• _What the task asks_
Your reply should contain nothing except the lines from the one with "Toyota Corolla Verso" through the end of the listing below, reproduced exactly and stripped of pictures.

--- START ---

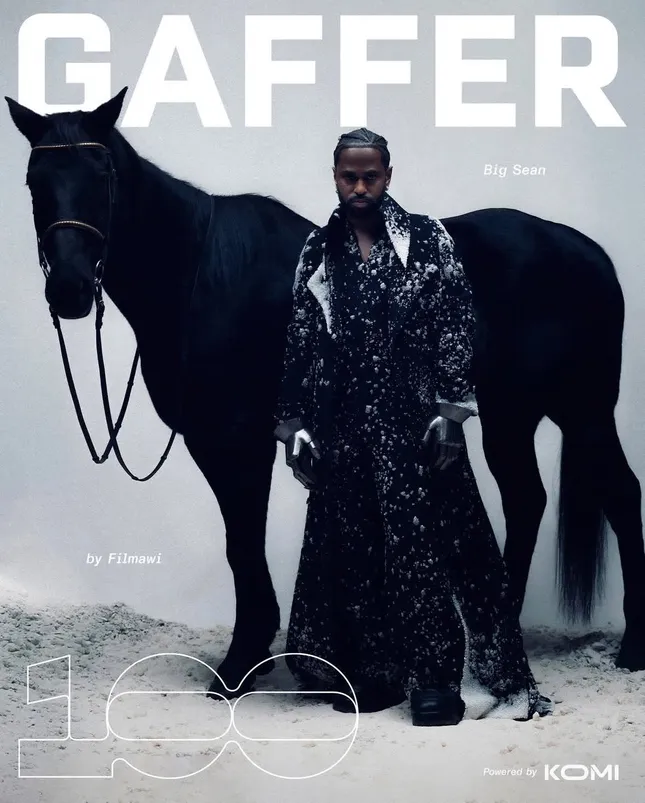 Big Sean | Gaffer
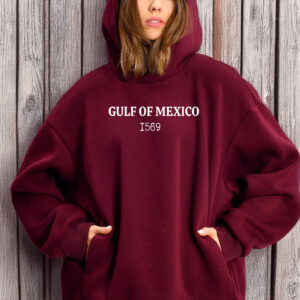 Gulf of Mexico I569 T-Shirt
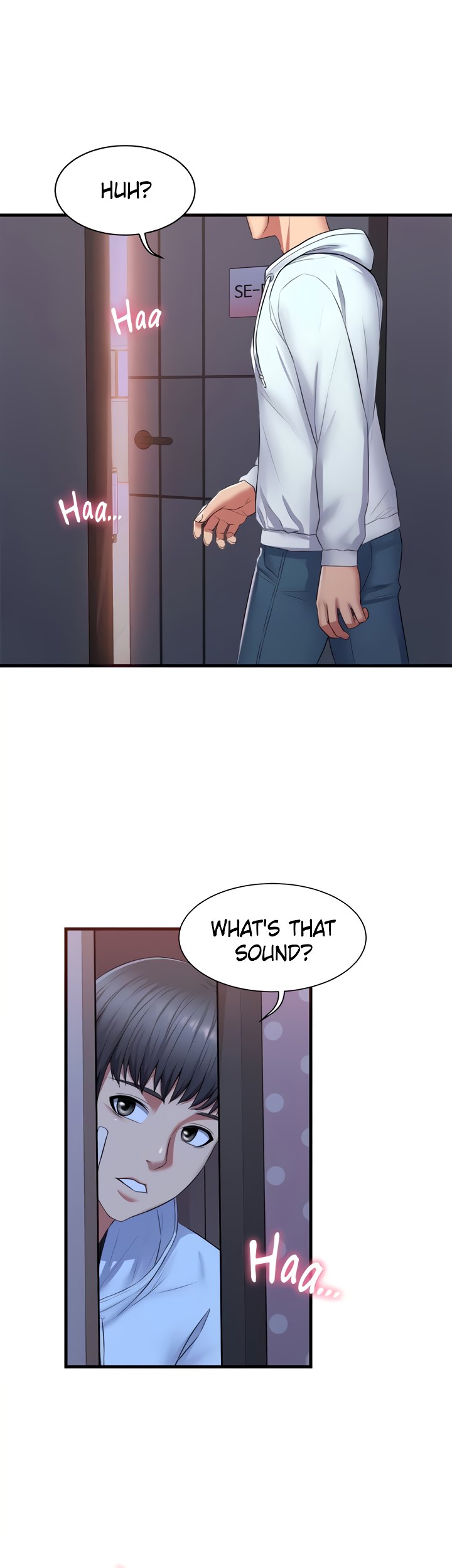 Homestay Chapter 1 image 63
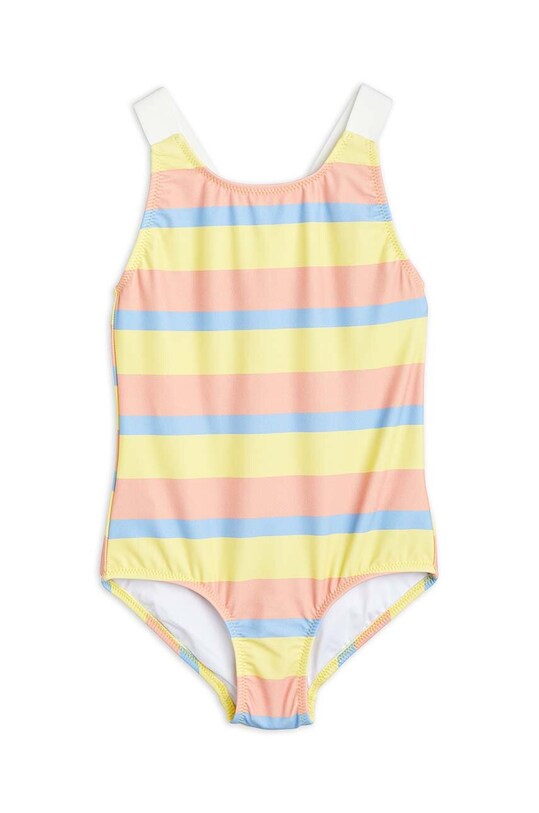 Mini Rodini costum de baie dintr-o bucată pentru copii moale multicolor 2368010400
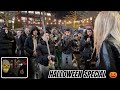 POSSESSED BY EVIL: HALLOWEEN SUMMONED the DEMONS !!!!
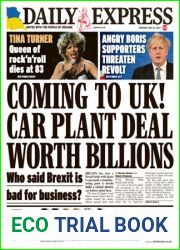 Daily Express - May 25, 2023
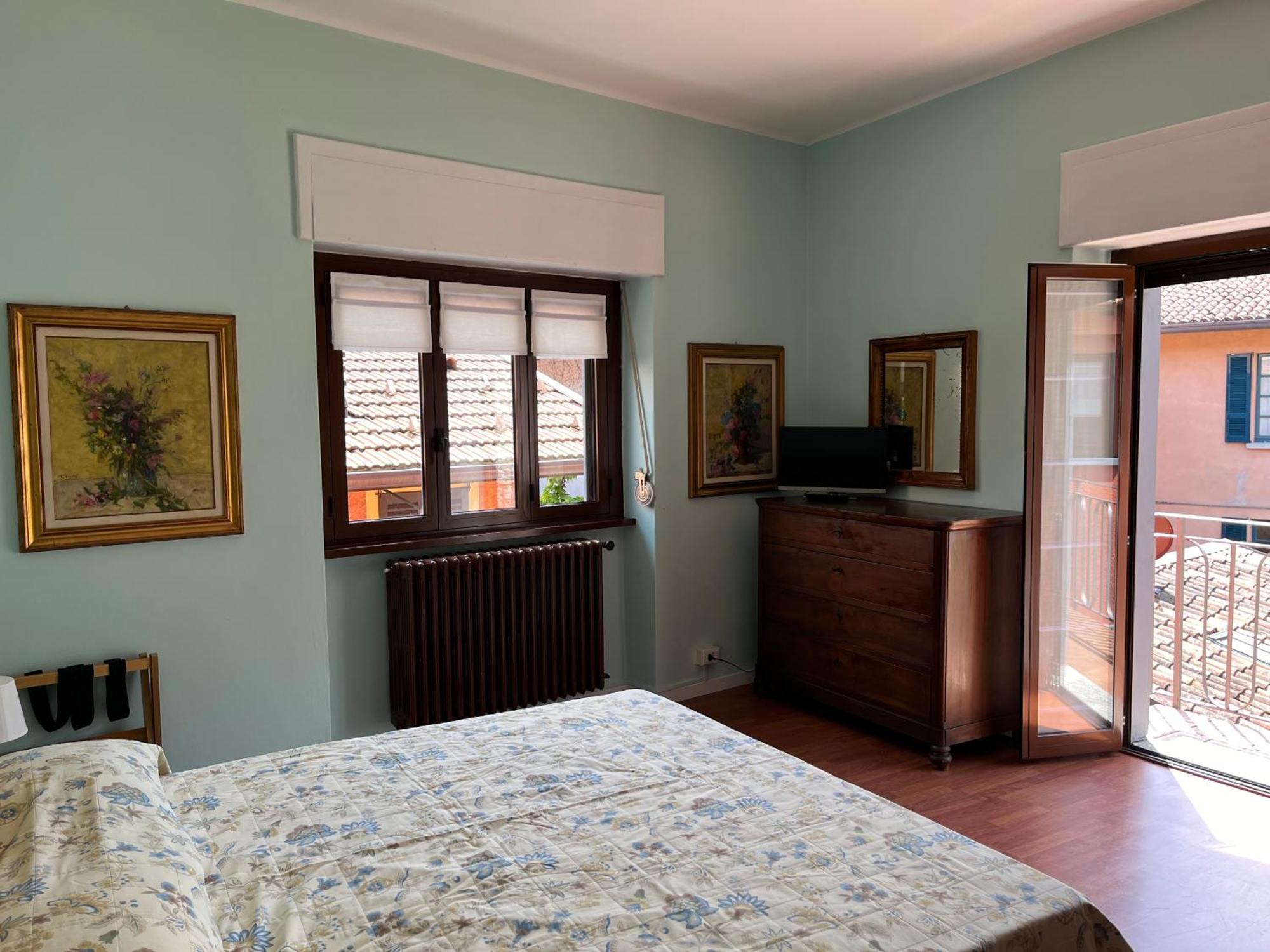 Miralago B&B And Apartments Bellagio Værelse billede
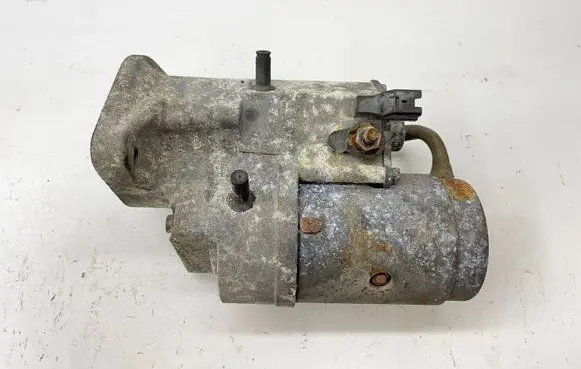 Toyota Corolla Verso E121 Starter motor 2810061440 2280009221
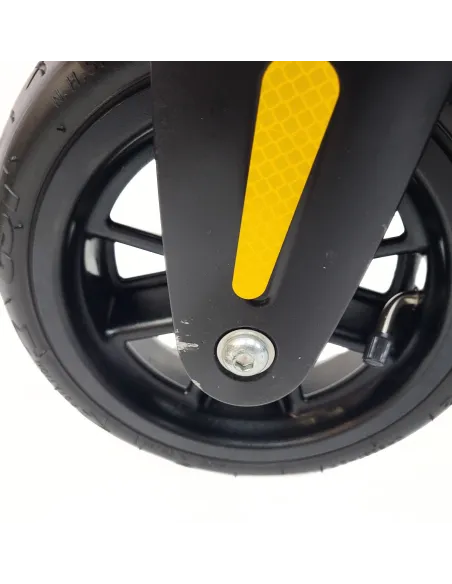 Hulajnoga Elektryczna Minimotors Miejska Tarcza 500W 25km/h 10Ah 500 W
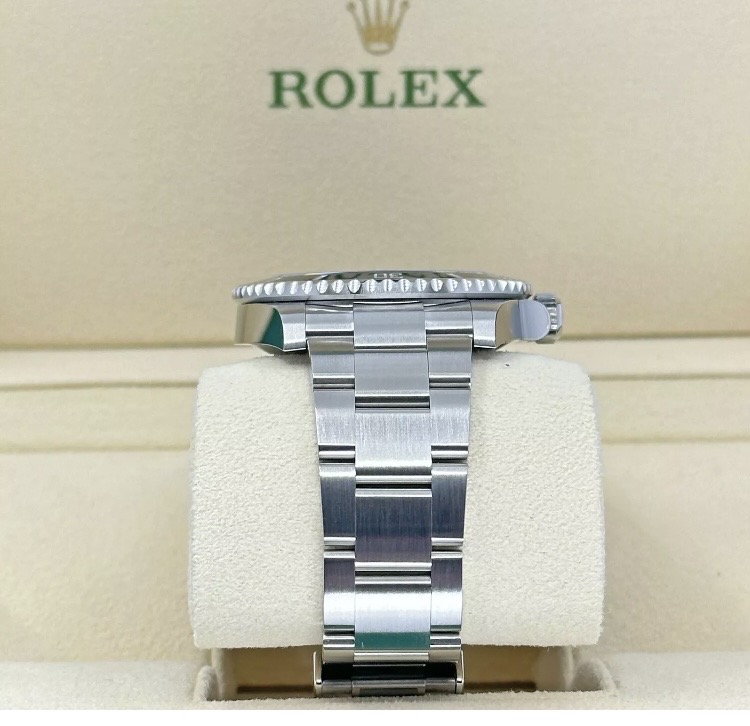 joyas, relojes y accesorios - Rolex Submariner No Date 4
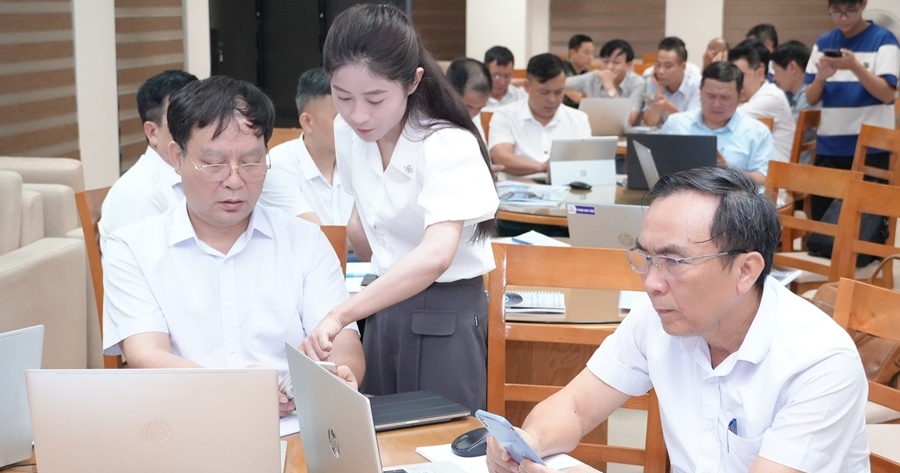 Chuyển biến từ nhận thức đến hành động trong ứng dụng Trí tuệ nhân tạo (AI)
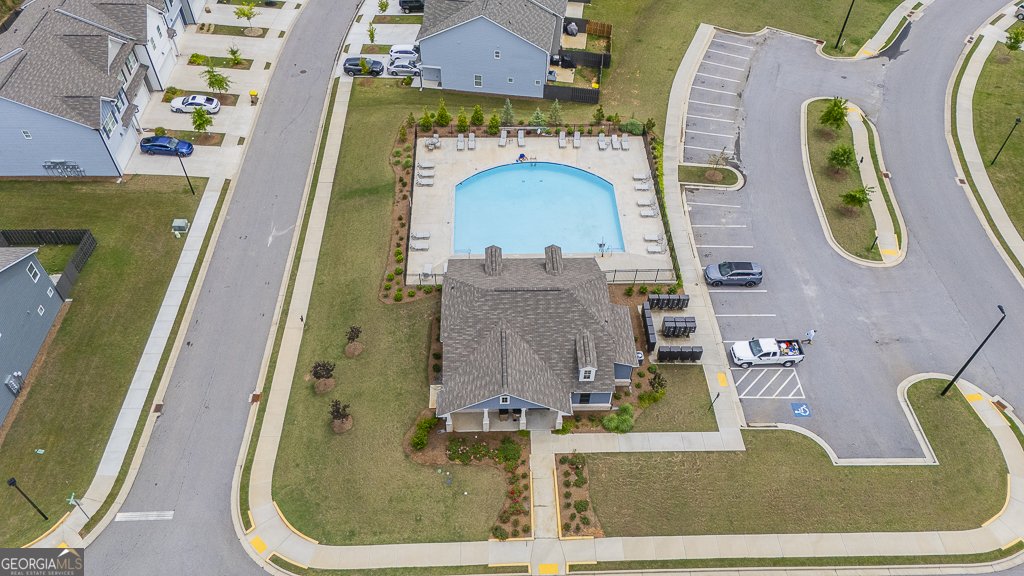 84 Regent Park Hoschton - Photo 36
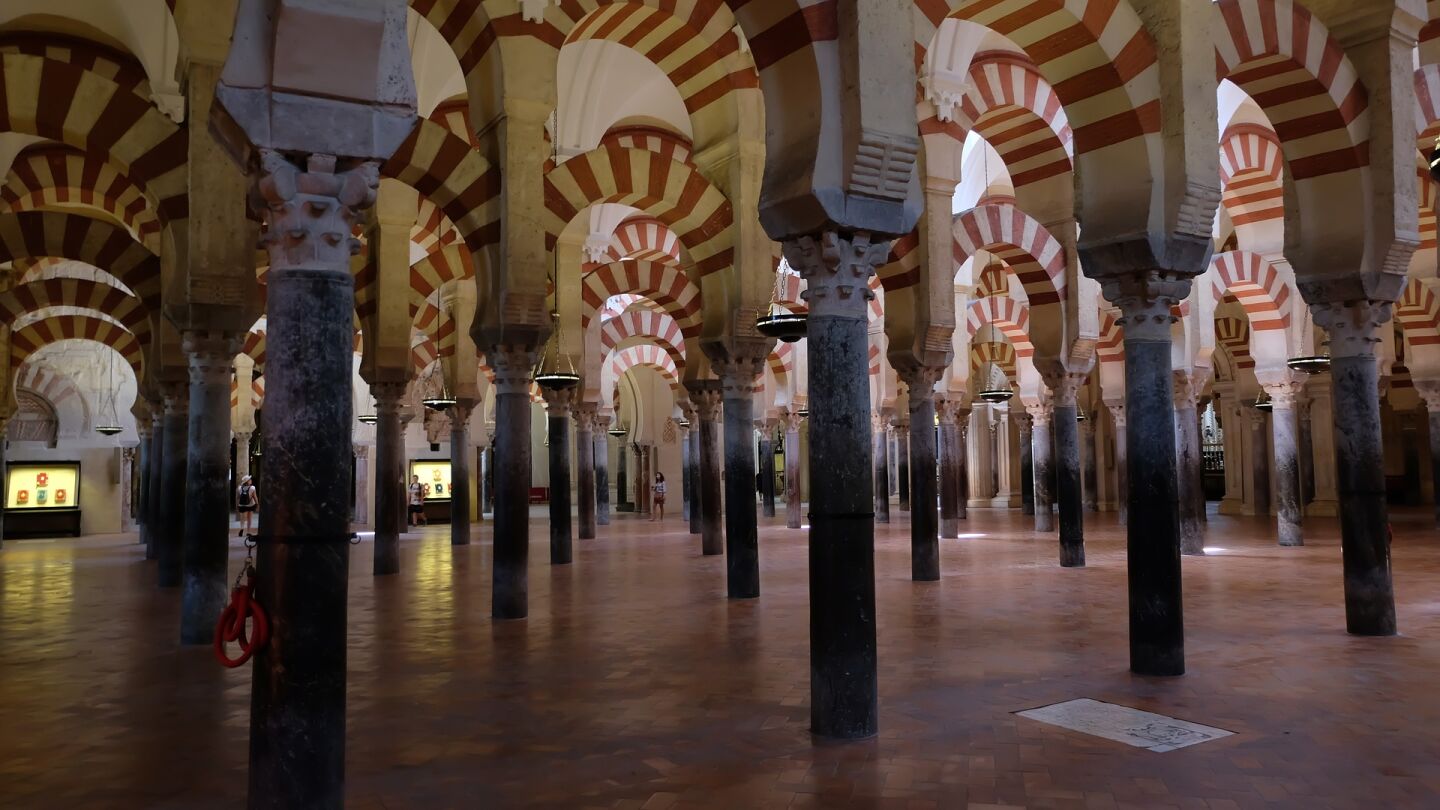 Todo lo que debes saber sobre la Mezquita de C&oacute;rdoba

--- END ---

• _Answer box_
 Toyota Corolla Verso E121 Starter motor 2810061440 2280009221
 Hulajnoga Elektryczna Minimotors Miejska Tarcza 500W 25km/h 10Ah 500 W
 joyas, relojes y accesorios - Rolex Submariner No Date 4
 Chuyển biến từ nhận thức đến hành động trong ứng dụng Trí tuệ nhân tạo (AI)
 84 Regent Park Hoschton - Photo 36
 Todo lo que debes saber sobre la Mezquita de C&oacute;rdoba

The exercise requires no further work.